* _Supplied material_
= = = = =

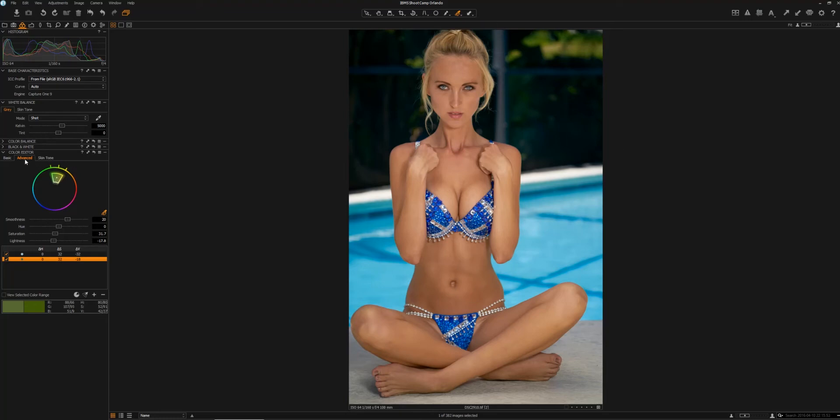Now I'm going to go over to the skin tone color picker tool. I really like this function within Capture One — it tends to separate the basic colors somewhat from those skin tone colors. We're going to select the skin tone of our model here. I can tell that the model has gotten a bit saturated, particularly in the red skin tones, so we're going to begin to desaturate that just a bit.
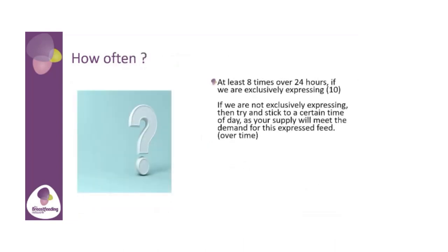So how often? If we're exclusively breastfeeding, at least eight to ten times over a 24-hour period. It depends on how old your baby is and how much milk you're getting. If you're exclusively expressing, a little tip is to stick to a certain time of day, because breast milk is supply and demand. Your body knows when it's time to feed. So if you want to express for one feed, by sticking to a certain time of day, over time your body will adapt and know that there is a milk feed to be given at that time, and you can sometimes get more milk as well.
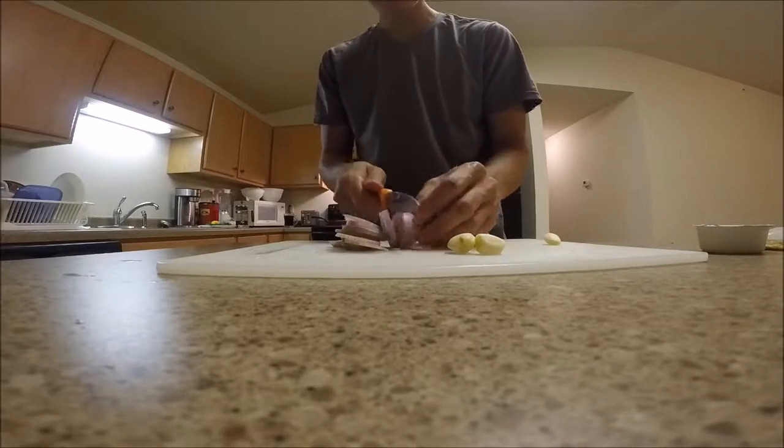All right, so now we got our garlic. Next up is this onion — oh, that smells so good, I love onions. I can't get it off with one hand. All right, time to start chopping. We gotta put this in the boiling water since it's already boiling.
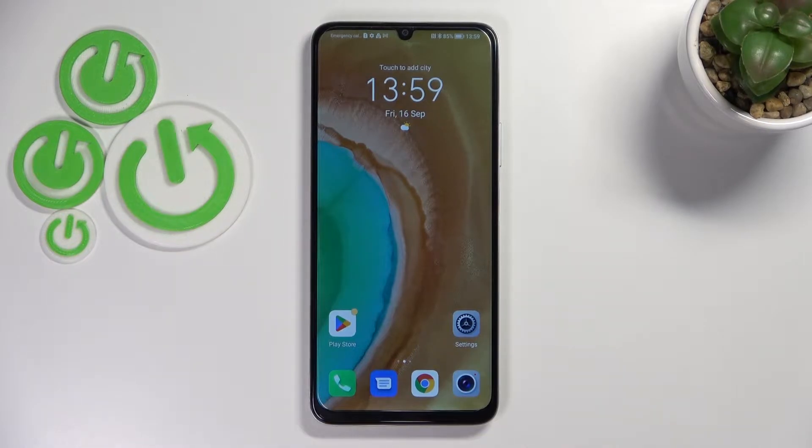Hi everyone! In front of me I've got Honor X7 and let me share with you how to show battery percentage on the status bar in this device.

= = = = =

* _Work task_
Omitting all pictures, set the listing down exactly.

* _Solution_
Now I'm going to go over to the skin tone color picker tool. I really like this function within Capture One — it tends to separate the basic colors somewhat from those skin tone colors. We're going to select the skin tone of our model here. I can tell that the model has gotten a bit saturated, particularly in the red skin tones, so we're going to begin to desaturate that just a bit.
So how often? If we're exclusively breastfeeding, at least eight to ten times over a 24-hour period. It depends on how old your baby is and how much milk you're getting. If you're exclusively expressing, a little tip is to stick to a certain time of day, because breast milk is supply and demand. Your body knows when it's time to feed. So if you want to express for one feed, by sticking to a certain time of day, over time your body will adapt and know that there is a milk feed to be given at that time, and you can sometimes get more milk as well.
All right, so now we got our garlic. Next up is this onion — oh, that smells so good, I love onions. I can't get it off with one hand. All right, time to start chopping. We gotta put this in the boiling water since it's already boiling.
Hi everyone! In front of me I've got Honor X7 and let me share with you how to show battery percentage on the status bar in this device.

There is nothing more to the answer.